Grace Chu: Although Lena Headey is a no-brainer, let’s not forget her co-star in Imagine Me and You, Piper Perabo. Before she played Rachel, she played Pauline in the Canadian film Lost and Delirious. Unfortunately and predictably, the film ends with tears, suicide and tragic lesbians.

Perabo, of course, made it up to us in Imagine Me and You, a lighthearted romantic comedy that ends with an elated kiss in a London traffic jam, proving once and for all that lesbian films don’t need to be tainted with mental instability, stalking, hours of humorless processing, crime or death.

Heather Hogan: Long before Olivia Spencer entered my consciousness, Carly was buried alive in Salem by Vivian Alamain, in a coffin equipped with full audio so she could lie in the dark and listen to her family get on with their non-Carly business. And sometimes, late at night, Vivian herself would get on the horn and razz Carly about this and that, being trapped and suffocating, you know. That’s how I met Crystal Chappell. And no matter how many times I try to explain Otalia or Venice to my sister, she still defaults to Days of Our Lives.

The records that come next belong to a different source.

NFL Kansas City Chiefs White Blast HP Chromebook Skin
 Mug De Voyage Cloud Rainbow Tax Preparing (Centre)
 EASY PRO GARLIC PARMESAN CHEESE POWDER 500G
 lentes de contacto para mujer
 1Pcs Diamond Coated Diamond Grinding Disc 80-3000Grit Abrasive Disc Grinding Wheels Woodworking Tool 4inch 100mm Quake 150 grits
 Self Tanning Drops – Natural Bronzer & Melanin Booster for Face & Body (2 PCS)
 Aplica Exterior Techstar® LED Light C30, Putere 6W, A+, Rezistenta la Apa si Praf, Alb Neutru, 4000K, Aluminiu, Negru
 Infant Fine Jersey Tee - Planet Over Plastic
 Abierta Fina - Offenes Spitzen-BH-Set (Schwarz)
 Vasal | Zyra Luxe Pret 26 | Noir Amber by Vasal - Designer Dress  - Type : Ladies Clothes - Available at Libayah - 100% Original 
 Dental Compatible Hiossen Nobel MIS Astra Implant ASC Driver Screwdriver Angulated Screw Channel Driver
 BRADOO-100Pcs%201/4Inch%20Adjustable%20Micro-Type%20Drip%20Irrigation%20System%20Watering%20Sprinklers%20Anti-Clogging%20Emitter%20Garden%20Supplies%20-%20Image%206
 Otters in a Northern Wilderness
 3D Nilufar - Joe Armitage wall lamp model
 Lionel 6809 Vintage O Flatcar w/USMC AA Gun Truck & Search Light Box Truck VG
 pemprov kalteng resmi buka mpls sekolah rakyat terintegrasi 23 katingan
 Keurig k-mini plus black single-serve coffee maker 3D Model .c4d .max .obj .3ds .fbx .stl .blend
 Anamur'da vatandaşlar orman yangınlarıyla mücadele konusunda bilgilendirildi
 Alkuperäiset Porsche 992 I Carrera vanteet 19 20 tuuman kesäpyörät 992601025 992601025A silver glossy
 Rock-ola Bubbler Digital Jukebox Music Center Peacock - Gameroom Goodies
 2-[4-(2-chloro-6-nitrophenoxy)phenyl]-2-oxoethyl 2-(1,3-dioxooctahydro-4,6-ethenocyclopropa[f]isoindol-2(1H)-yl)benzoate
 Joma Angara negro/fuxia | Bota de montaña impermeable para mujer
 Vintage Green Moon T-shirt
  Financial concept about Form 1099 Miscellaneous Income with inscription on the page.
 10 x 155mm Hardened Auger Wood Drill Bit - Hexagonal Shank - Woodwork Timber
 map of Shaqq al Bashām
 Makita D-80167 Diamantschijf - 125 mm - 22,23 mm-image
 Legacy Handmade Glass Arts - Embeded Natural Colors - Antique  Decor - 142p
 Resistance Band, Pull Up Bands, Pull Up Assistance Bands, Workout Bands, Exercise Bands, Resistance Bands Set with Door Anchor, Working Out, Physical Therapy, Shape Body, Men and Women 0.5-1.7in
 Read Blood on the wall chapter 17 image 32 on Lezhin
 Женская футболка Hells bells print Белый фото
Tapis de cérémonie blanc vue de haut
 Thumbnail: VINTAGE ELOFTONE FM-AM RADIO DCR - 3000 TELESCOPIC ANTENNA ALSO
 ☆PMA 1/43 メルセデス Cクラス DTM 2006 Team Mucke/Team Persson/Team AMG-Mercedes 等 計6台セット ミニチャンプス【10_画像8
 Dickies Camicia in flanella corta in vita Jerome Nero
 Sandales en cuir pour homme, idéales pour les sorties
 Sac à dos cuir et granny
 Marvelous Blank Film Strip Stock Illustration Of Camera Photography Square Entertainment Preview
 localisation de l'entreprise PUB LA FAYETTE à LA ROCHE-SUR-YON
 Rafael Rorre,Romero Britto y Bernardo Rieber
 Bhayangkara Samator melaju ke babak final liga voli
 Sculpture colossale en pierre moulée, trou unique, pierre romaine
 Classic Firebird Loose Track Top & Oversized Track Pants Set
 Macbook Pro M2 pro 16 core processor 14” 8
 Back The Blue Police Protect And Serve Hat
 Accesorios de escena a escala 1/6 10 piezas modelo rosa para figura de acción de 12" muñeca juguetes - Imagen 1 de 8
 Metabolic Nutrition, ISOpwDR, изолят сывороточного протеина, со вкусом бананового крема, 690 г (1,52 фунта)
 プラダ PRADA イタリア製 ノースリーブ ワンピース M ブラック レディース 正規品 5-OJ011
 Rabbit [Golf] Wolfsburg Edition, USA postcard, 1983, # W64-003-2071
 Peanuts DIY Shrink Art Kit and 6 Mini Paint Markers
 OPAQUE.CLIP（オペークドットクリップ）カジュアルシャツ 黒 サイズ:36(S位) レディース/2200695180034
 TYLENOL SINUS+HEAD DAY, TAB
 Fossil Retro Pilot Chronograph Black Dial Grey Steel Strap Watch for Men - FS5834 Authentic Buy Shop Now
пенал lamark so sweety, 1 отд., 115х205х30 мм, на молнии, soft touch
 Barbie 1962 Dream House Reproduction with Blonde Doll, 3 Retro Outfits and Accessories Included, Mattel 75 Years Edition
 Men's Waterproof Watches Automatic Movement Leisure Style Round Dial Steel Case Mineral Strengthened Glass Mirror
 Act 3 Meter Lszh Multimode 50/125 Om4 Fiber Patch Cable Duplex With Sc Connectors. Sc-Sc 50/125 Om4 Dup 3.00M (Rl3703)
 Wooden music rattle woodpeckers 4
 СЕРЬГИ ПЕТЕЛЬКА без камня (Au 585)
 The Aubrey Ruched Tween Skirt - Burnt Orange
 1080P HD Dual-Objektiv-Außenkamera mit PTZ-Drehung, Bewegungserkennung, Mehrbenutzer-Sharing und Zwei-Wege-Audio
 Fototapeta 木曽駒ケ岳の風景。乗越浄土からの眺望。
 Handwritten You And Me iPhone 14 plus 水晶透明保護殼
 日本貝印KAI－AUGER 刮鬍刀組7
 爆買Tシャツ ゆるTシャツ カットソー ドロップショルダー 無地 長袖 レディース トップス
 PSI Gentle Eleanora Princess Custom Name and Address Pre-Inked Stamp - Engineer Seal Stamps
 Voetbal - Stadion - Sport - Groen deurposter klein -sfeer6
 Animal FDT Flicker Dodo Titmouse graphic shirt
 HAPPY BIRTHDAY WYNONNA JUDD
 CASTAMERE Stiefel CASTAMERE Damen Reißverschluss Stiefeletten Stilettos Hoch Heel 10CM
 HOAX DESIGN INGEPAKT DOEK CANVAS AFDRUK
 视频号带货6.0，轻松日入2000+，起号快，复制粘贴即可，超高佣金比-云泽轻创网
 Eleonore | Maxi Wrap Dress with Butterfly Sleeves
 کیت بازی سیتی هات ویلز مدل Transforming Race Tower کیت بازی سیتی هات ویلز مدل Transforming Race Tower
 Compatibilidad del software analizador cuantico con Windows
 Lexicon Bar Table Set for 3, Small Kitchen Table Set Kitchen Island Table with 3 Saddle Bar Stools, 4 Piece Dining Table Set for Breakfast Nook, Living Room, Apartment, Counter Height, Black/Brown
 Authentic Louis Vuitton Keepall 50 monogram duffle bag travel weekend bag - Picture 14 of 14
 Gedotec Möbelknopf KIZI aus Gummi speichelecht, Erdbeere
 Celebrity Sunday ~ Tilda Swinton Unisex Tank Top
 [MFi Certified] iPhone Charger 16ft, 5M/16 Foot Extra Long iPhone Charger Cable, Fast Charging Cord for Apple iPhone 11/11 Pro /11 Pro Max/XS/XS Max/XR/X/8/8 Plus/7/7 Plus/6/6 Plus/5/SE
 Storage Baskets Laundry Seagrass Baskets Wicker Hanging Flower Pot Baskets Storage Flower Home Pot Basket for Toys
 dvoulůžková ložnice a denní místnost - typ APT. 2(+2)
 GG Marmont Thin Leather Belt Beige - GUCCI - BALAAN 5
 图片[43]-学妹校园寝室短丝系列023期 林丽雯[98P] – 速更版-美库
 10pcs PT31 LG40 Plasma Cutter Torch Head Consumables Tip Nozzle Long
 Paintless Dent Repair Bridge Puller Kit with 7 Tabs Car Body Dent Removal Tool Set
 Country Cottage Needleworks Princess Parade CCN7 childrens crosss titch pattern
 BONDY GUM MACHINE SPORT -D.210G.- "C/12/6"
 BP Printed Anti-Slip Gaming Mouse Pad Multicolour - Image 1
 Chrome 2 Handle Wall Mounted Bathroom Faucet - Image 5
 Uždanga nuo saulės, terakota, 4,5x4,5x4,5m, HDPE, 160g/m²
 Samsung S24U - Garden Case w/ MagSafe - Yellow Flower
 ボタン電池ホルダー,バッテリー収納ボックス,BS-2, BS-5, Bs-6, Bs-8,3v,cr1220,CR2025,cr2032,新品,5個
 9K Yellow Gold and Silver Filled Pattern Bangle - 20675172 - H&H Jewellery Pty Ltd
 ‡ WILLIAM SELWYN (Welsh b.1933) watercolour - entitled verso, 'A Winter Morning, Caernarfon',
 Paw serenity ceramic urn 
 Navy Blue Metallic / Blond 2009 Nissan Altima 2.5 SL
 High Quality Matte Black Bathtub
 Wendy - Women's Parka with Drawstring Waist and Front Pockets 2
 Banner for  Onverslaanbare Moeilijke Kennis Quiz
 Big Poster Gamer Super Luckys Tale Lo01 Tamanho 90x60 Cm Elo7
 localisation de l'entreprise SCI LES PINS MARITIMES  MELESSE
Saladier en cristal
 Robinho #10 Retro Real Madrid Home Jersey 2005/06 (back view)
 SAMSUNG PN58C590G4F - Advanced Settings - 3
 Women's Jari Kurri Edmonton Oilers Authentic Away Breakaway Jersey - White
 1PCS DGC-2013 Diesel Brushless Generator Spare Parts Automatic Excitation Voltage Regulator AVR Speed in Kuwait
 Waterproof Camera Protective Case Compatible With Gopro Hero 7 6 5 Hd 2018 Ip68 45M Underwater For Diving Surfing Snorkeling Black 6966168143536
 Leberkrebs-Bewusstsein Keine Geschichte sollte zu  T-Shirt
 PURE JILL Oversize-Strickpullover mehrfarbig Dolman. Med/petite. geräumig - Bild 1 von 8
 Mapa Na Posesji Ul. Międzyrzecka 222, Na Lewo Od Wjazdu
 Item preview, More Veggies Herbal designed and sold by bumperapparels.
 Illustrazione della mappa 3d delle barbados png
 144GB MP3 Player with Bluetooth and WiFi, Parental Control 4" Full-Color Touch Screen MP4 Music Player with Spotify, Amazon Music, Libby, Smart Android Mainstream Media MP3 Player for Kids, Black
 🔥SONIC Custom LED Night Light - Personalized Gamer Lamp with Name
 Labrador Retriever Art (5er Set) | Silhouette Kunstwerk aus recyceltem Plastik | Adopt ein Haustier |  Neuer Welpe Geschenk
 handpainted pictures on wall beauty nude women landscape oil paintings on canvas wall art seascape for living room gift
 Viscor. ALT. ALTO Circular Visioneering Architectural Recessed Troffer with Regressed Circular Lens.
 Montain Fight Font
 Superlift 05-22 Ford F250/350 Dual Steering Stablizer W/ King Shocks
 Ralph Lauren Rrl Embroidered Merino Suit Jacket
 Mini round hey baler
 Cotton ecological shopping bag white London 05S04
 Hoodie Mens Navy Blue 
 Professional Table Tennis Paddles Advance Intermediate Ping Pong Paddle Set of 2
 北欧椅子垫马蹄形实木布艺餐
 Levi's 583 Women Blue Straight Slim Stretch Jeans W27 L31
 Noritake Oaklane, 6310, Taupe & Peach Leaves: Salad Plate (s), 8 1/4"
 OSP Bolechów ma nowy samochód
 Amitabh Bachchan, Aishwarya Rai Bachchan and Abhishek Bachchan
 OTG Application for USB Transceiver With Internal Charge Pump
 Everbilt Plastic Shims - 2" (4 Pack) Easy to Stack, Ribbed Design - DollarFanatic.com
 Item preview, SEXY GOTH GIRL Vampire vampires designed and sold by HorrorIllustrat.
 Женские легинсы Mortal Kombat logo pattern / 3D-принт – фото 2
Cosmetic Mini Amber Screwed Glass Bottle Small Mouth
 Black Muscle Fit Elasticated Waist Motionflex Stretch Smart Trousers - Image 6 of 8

Chappell is one of the best gay allies ever. She embraces her own sexual fluidity. She supports various same-sex marriage organizations. She speaks openly and articulately about the LGBT community and the need for equality. And if there’s one thing we’ve learned from GLAAD, it’s that knowing a gay character counts as knowing a gay person, and knowing a gay person changes things. Chappell played her half of Otalia with grace and good-humor (and smoldering gazes), and when Guiding Light was over, she took her chemistry with Jessica Leccia and created a whole new story. That level of commitment will probably never be matched by another straight actress playing a gay character.

Flailing in an underground casket is memorable — but not as memorable as making out with your super-hot female co-star. Crystal Chappell, I honor you for doing both with equal conviction.